Facebook Video vs. YouTube – Why Brands Should Now Upload Directly to Facebook Timeline

3 Mar

Facebook vs Youtube Graphic     Facebook has recently changed the way it integrates video into your feeds and timelines and it has vast implications for engagement and views.

      Under its former protocol, one could link a video from YouTube, Vimeo, or another channel such as Videolicious into a post.  Facebook would then integrate a small video frame for the viewer to click or touch.

      Fast forward to the present.  Videos now uploaded directly to Facebook appear as native content that auto-plays in the user’s timeline.  Users or followers no longer have to click or touch to view the video.  The changes are critically important  for brands, including news outlets that thrive on engagement, activation, and sharable content.

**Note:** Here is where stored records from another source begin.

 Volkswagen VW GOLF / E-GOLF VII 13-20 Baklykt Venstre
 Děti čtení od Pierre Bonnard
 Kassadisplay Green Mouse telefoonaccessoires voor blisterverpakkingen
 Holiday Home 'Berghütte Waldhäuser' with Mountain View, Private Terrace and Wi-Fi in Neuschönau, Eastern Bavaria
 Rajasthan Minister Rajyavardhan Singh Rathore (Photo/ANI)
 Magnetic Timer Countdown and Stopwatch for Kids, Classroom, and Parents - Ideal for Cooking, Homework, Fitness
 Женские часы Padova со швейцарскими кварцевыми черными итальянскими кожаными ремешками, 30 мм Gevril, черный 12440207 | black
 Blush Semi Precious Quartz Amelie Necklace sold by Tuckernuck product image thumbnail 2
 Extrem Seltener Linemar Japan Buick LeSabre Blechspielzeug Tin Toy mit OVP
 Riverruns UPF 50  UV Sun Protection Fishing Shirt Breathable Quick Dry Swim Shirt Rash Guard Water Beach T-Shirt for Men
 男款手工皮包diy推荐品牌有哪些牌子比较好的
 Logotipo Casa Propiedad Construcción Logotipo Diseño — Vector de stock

     With this change in the digital landscape, I conducted a simple experiment.  As a news anchor and reporter I routinely create short videos on my iPhone using Videolicious to post on Facebook alerting our followers to the stories we will have in the evening newscast.  I call it “Tim’s Phoning It In.”  Recently, during the course of two nights I posted one video as a Videolicious link, the next night’s report was uploaded directly to YouTube as a native video.

      Here is the Video from January 30th posted as a link.

      This is the post the next night as a native Facebook video.


       The methodology was fairly simple.  The videos were posted each night at 7:45 p.m. with the results measured at 10:15 p.m. the same night.  The results showed significant increases in both reach and views with the native YouTube video receiving an 855% increase in views from the night before. (Figure 1) 

Figure 1

Figure 1

      In full disclosure, there are limitations to this experiment.  Among them is the potentially different Facebook user-ship rate between the two nights.  Additionally, the second video may have been perceived as simply more compelling content than the one posted the previous day.  Also, the potential of snow in the forecast during the night of the native Facebook video posting could have been a supplemental motivating factor.  But I strongly suspect the auto-play feature of the second posting played a significant role in the increased exposure. 

Figure 2 -

Figure 2 –

       This hypothesis is tested as major brands are already making the shift from YouTube to Facebook.   Data tracked by Socialbakers shows how increasingly brands are now posting more video content to Facebook than they are to YouTube.  (Figure 2)

     Additional research from Socialbakers shows how Facebook videos dominated during the most social event of the year—Super Bowl XLIV.  Super Bowl sponsors found overall engagement with followers on Facebook overtook YouTube for the first time. (Figure 3) 

Figure 3 -

Figure 3 –

      That’s not to say YouTube is no longer important.   YouTube is still the channel brands need to have a presence on because of its search functions.  Additionally, longer format videos are ideally suited for YouTube whereas Facebook holds the advantage with shorter messaging that’s meant to be perishable—in other words, needs to be seen now.   In this case Facebook is ideal for news videos and brands running time sensitive marketing promotions.  The landscape is changing so rapidly that AdAge now includes Facebook videos in its weekly advertising engagement report.

       The changes are big and offer brands, and yes, news organizations new opportunities in reaching their followers.